Sphere Exclusion clustering
This manual describes the Sphere Exclusion clustering algorithm:
Introduction
Sphere Exclusion is a simple, intuitive selection method. Clustering begins by selecting an initial structure, including all structures that meet a defined similarity threshold in the first cluster, and repeating this process until all structures are in clusters. A subsequent clustering is also done as cluster formation is dependent on the initial structure and parameter selection.The structure selection process can be random or directed by some preprocessing of the structures. Clusters are defined by similarity and their number is not predetermined. Sphere exclusion is a method to select subsets, e.g. diverse subsets. The method is highly dependent on the initial element of the input file.

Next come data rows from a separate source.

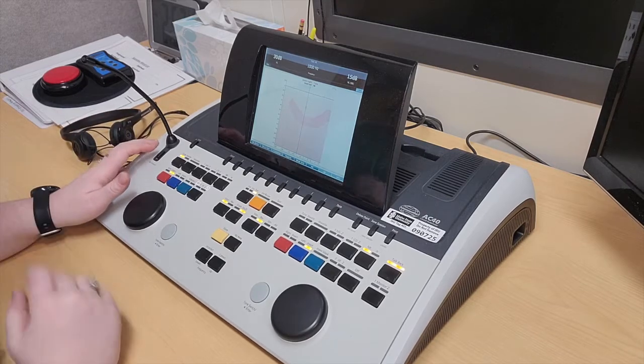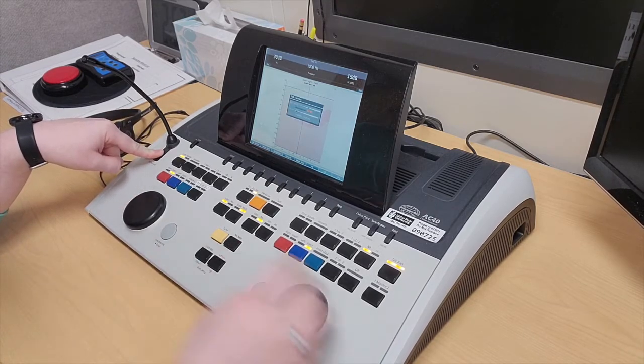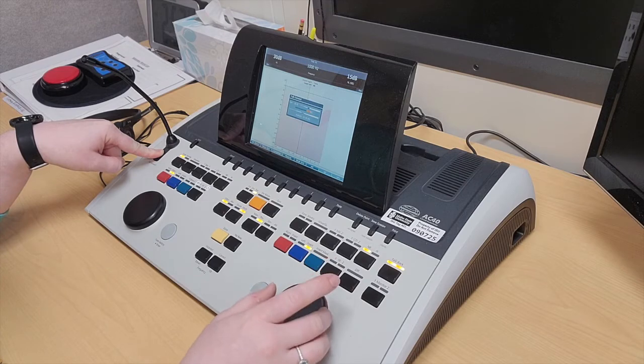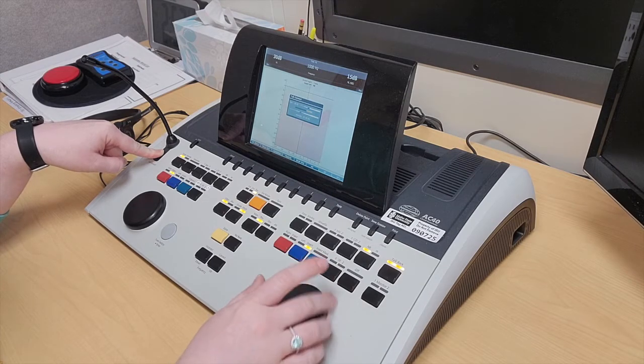To adjust the level, you would press and hold the talk forward button, and then you can adjust the intensity by moving this wheel here.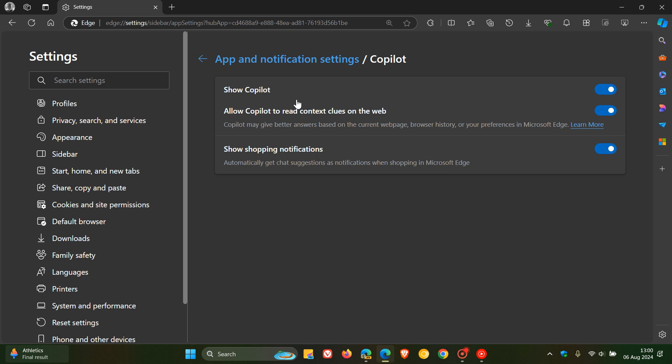The description used to read: we'll automatically open Copilot in the sidebar to show you relevant web experiences alongside your web content. So that's the setting that has been removed from all versions of Edge.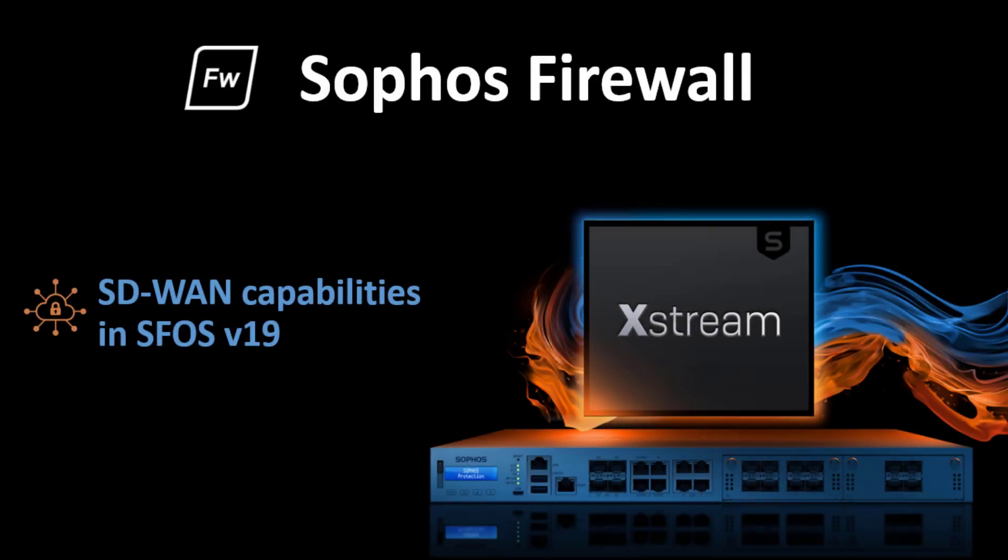This concludes the demo of SD-WAN capabilities available from version 19. We hope you liked the video and thanks for watching.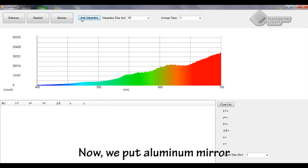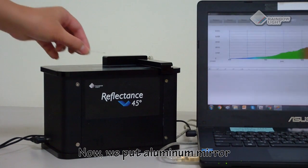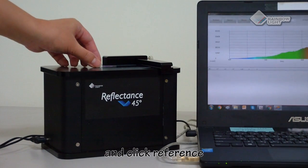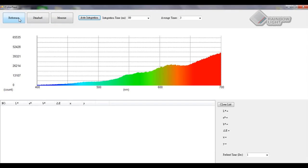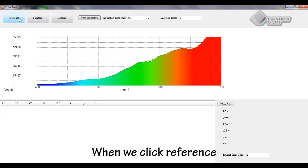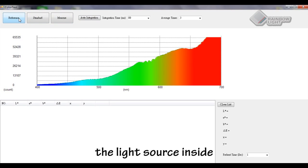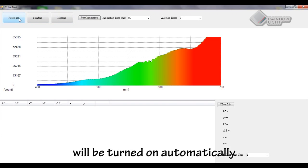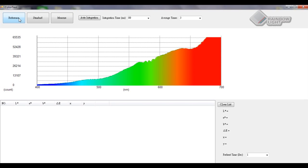Now we can put the aluminum mirror and click reference. When we click reference, the light source inside will be turned on automatically.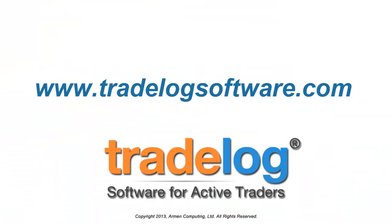To learn more about using TradeLog, go to www.TradelogSoftware.com.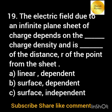The electric field due to an infinite plane sheet of charge depends on the dash charge density and is dash of the distance of the point from the sheet: option a) linear dependent; option b) surface dependent; option c) surface independent.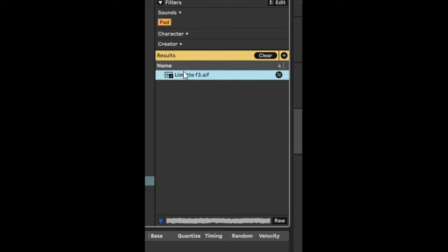Hello, today we're going to make some awesome sounds from a single sample, a pad sample like this.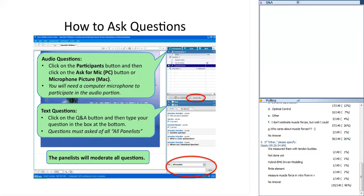For the Q&A, you must have a functioning microphone to ask an audio question. Go to the participant box at the top right and click the Ask for Mic button or microphone image if you have a Mac. A number will appear on your mic icon; when called on, you'll see a pop-up window asking if you want to unmute your mic — hit OK and then ask your question. You can also ask text questions via the Q&A box at the bottom right, making sure to address all panelists.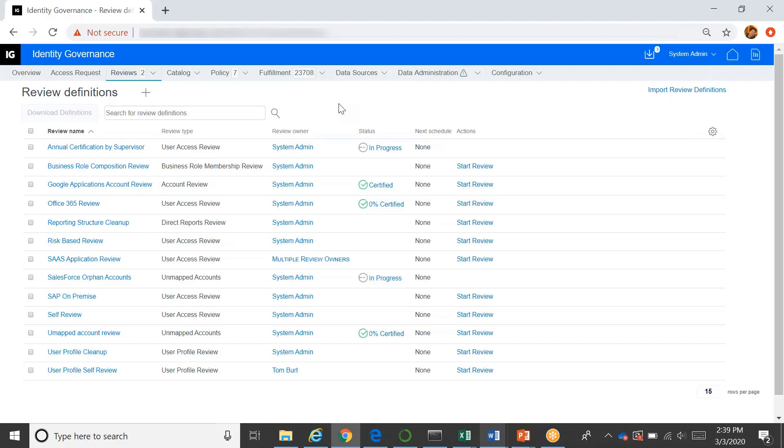And you can do that based on many different criteria. You can say everybody that's in a certain department, or people that have a certain risk value, or just everybody that has this particular application, or is a full-time employee, and any kind of combination of those things. And those are our user access reviews.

Fig. 1 Sphere Exclusion clustering
Usage
You can invoke the Sphere Exclusion algorithm via the jklustor command line tool:
jklustor [<options>] [<input files>]
Prepare the usage of the jklustor script or batch file as described in Preparing and Running Batch Files and Shell Scripts.
Options
sphex:[Minimal separation between cluster centroids] Use single level sphere exclusion clustering
-h, --help help message
-c, specify the clustering method
-o, --output <filepath> output file path (default: stdout)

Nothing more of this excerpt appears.